A complexidade do Direito – intensificada pelo hermetismo de seus operadores – não raras vezes leva grande parte da população à incompreensão do que se passa no Judiciário brasileiro.
Além dessa dificuldade permanente, o clima de forte desinformação levou ao rápido surgimento de uma narrativa sobre o fim da execução da pena em segunda instância tão logo a decisão foi tomada pelo Supremo Tribunal Federal (STF), na última quinta-feira (7).
::Parlamentares se movimentam para enfrentar decisão do STF e tentar mudar Constituição::
Nas redes sociais, ganhou força a versão de que, como Lula não teria conseguido provar sua inocência, sua libertação teria exigido que a lei fosse alterada pelo Supremo.
Do ponto de vista estritamente jurídico, essa tese é duplamente infundada.
Nunca é demais lembrar que o STF não julgou um pedido da defesa de Lula, mas sim três ações gerais - sem vinculações formais com qualquer caso de réu individual -- que pediam que o artigo 283 do Código de Processo Penal fosse declarado constitucional.

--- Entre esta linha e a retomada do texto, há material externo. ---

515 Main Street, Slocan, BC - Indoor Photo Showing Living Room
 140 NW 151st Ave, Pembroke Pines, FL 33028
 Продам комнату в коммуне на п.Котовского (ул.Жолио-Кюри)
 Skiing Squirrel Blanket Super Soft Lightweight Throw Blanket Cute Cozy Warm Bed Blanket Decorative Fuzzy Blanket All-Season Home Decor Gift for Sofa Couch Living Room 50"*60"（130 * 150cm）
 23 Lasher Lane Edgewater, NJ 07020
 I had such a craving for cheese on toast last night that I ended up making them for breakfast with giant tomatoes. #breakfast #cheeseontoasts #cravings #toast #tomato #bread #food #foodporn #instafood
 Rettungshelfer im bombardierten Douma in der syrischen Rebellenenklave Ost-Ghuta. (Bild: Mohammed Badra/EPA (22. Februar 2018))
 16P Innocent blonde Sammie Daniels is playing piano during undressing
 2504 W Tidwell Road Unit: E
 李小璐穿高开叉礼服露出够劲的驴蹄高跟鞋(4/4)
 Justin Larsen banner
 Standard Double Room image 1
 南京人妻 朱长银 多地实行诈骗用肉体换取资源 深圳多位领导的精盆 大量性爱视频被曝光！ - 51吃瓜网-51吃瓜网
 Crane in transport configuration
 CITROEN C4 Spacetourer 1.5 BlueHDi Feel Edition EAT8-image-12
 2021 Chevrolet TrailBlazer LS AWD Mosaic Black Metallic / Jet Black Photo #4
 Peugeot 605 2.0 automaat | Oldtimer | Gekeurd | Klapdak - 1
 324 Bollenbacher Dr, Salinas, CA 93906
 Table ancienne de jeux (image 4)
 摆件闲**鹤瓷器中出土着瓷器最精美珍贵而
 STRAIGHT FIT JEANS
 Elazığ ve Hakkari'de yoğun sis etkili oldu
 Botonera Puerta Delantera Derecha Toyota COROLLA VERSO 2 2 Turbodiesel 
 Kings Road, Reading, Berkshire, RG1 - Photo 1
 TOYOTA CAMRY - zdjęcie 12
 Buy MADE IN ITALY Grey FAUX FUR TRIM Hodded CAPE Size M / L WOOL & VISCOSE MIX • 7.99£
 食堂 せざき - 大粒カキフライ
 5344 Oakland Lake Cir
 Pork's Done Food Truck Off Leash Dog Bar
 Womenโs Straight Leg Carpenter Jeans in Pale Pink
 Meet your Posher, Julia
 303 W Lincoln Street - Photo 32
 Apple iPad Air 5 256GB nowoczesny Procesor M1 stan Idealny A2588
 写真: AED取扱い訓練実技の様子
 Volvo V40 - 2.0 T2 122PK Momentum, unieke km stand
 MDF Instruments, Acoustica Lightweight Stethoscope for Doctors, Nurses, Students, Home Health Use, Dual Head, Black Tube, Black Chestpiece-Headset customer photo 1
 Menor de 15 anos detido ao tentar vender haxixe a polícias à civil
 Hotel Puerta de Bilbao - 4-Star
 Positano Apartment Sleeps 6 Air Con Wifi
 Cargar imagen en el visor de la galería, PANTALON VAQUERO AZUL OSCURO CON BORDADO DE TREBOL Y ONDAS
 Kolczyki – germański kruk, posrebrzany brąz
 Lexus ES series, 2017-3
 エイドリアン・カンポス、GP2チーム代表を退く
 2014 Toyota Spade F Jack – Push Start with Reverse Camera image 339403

O dispositivo do Código determina que, para execução da pena, alguém só pode ser preso após o trânsito em julgado, ou seja, o fim de todos os recursos: “Ninguém poderá ser preso senão em flagrante delito ou por ordem escrita e fundamentada da autoridade judiciária competente, em decorrência de sentença condenatória transitada em julgado”.
A atual redação do artigo foi estabelecida em 2011, refletindo fielmente o que está escrito na Constituição, desde 1988. “Ninguém será considerado culpado até o trânsito em julgado de sentença penal condenatória”, diz o inciso 57 do artigo 5º do texto constitucional.
A simples leitura da Constituição deixa claro que, juridicamente, Lula é inocente, ao contrário do que tem circulado nos meios digitais. Pelo simples fato de que nenhum dos processos criminais dos quais é alvo foi encerrado. Goste-se ou não, essa é a lei.
O direito moderno estabelece, além disso, que ninguém tem que provar sua inocência. Cabe à acusação provar sua culpa.
Ao analisarmos os termos do Código de Processo Penal e da Constituição, fica também evidente que o STF não mudou a lei. A rigor, restaurou sua validade.
Até 2009, o Supremo vinha aplicando um entendimento que permitia a prisão em segunda instância, apesar da Constituição. Naquele ano, a medida foi derrubada.
Apenas em 2016, a despeito da redação que o Código ganhou em 2011, a execução da pena após a segunda instância voltou a ser aplicada.
Observando o que está escrito na lei, bem como esse breve histórico dos posicionamentos do Supremo, seria o caso de questionar exatamente o contrário do que vem sendo feito. Em 2016, não teria o STF “mudado” a lei para prender Lula?
É de se suspeitar que a visão mais condizente com a realidade não é a de que “para libertar Lula, outros milhares de presos ganharão as ruas”, conforme outra narrativa de sucesso na internet. Mas sim a de que, para encarcerar o petista, foi necessário prender também milhares de outras pessoas.